Challenging Interfaces July 5, 2006Posted by reto wettach in biofeedback, innovative interfaces, physical interaction design.
During the two teaching projects on alarm clocks, which I taught in Ivrea and Potsdam, we came across various “challenging interfaces”, which would force the user into a state of higher concentration/attention.
Well known is CLOCKY, a robotic alarm clock, which runs away and hides, so that the user is forced out of bed.
During the classes I was teaching, my students also came up with some interesting “challenging interfaces”:
Hayat Benchenaa developed SEFRA, an alarm clock hanging from the ceiling, which is switched off by hitting is. Each time one hits the clock during the snooze function, it would rise toward the ceiling and therefore force you out of the bed.
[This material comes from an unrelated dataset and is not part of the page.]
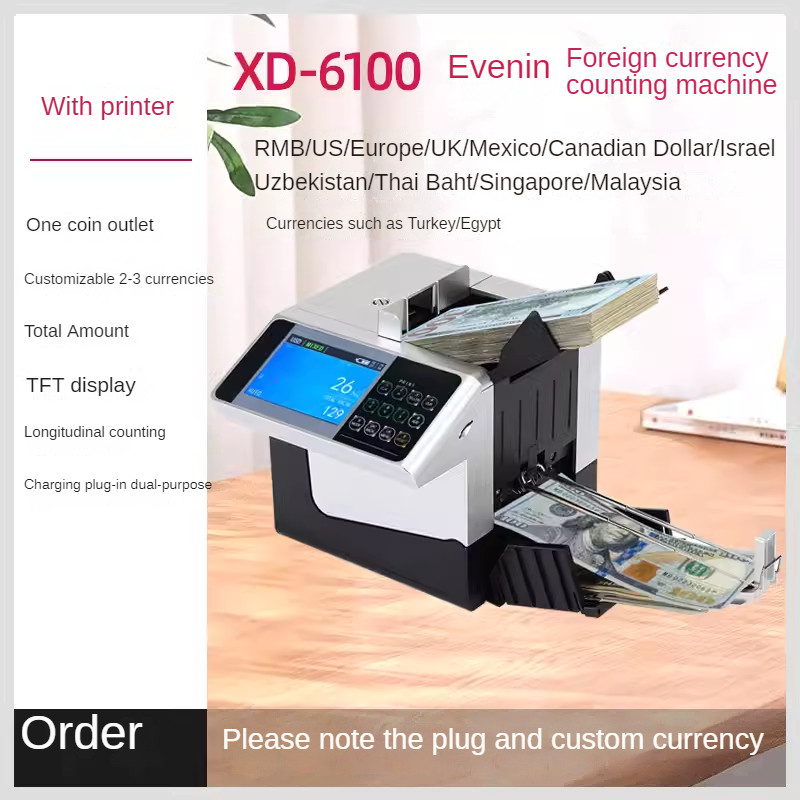 Multi-currency Banknote Detector with Image Recognition for Counting Banknotes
Blanc-o-matic by Eva Burneleit and Katrin Lütkemöller is a blanket, which would after each time switching off the snooze-function be torn down in the direction of your feets by 20 cm. Works only in winter.
Another commercial product for a “challenging interface” is the “Pattern Clock“, which forces the user to play a round of Simon-Says.
Similar to the samples above is the Dead Man’s Switch, which is used in trains and should guarantee the the operator is not incapacitated (or asleep). There are different levels of complexity for this function, as reacting to beep.
Another kind of a “challenging interface” is the part in onlineregistration processes, where you need to prove that you are human through recognizing some strange words (images taken from the yahoo mail registration).
Are there more challenging interfaces? And what can we learn from them? And why are we not using physilogical sensors for this task?